MIDF Sector Research

Tenaga Nasional - Bringing O&M Expertise Into India

sectoranalyst
Publish date: Tue, 04 Apr 2017, 09:27 AM
  • TNB Remaco expanding into India with GMR Energy
  • GMR Energy owns 2.6GW of operational capacity
  • Though small, underpins plans to increase overseas contribution to 20% of earnings
  • Re-affirm BUY at unchanged DCF-derived target price of RM16.80/share. 4% yield is attractive

Remaco expands into India. Tenaga, via subsidiary, TNB Remaco, signed an MoU with Indian based GMR Energy Limited for a collaboration in power plant operations & maintenance (O&M) venture in India. GMR Energy is a 30%-owned associate of TNB, acquired in November last year. Both parties will invest in a facility in India, but in the meantime, refurbishment works will be done at TNB Remaco’s Malaysian facility. Based on past meetings, we understand that TNB Remaco generates around RM1b in revenue, or circa 2% of group revenue and generates pretax margins of 7%-8%. The bulk of revenues were derived from TNB operations back in 2013 while non-TNB operations made up circa 10%. However, Tenaga had a target to increase non-TNB operations contribution to 40% of revenue%.

Capitalising on relationship with GMR. We do not rule out possibilities of the venture initially capitalising on GMR Energy’s portfolio of 5 operational plants; comprising mainly of coal and gas plants (which is where TNB Remaco’s core competency lies) with a total capacity of 2.6GW. GMR Energy also has one hydro plant (180MW) under construction and another 3 hydro plants (1.8GW) under development stage.

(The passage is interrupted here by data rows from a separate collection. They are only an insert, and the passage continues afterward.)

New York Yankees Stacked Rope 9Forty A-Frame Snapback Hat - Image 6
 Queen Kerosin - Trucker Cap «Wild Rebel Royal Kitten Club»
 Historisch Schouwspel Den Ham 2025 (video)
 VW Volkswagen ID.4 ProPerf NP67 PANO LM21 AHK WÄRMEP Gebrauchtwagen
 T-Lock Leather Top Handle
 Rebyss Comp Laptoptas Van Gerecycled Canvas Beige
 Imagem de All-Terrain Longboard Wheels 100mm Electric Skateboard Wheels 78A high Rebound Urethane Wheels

We have yet to factor in incremental earnings or capex from the venture pending further clarity on details as the deal progresses. Nonetheless, this is definitely a positive development and underpins Tenaga’s plans to increase overseas contribution to 20% of earnings within the next 8 years.

Recommendation. We re-affirm our BUY call on Tenaga at unchanged DCF-based TP to 16.80/share for now with potential upside bias from this acquisition. We like Tenaga for: (1) Dividend catalyst on the back of FCF yield of ~7% over FY17F/18F, a relatively under-geared balance sheet at 0.35x and Tenaga’s capital optimisation exercise (2) Overseas expansion provides scope for stronger growth in the mid-term (3) Strong earnings visibility post-ICPT implementation. Capital management, overseas expansion and the resolution of its RM2b tax issue with the Inland Revenue Board are key catalysts over the next 12 months.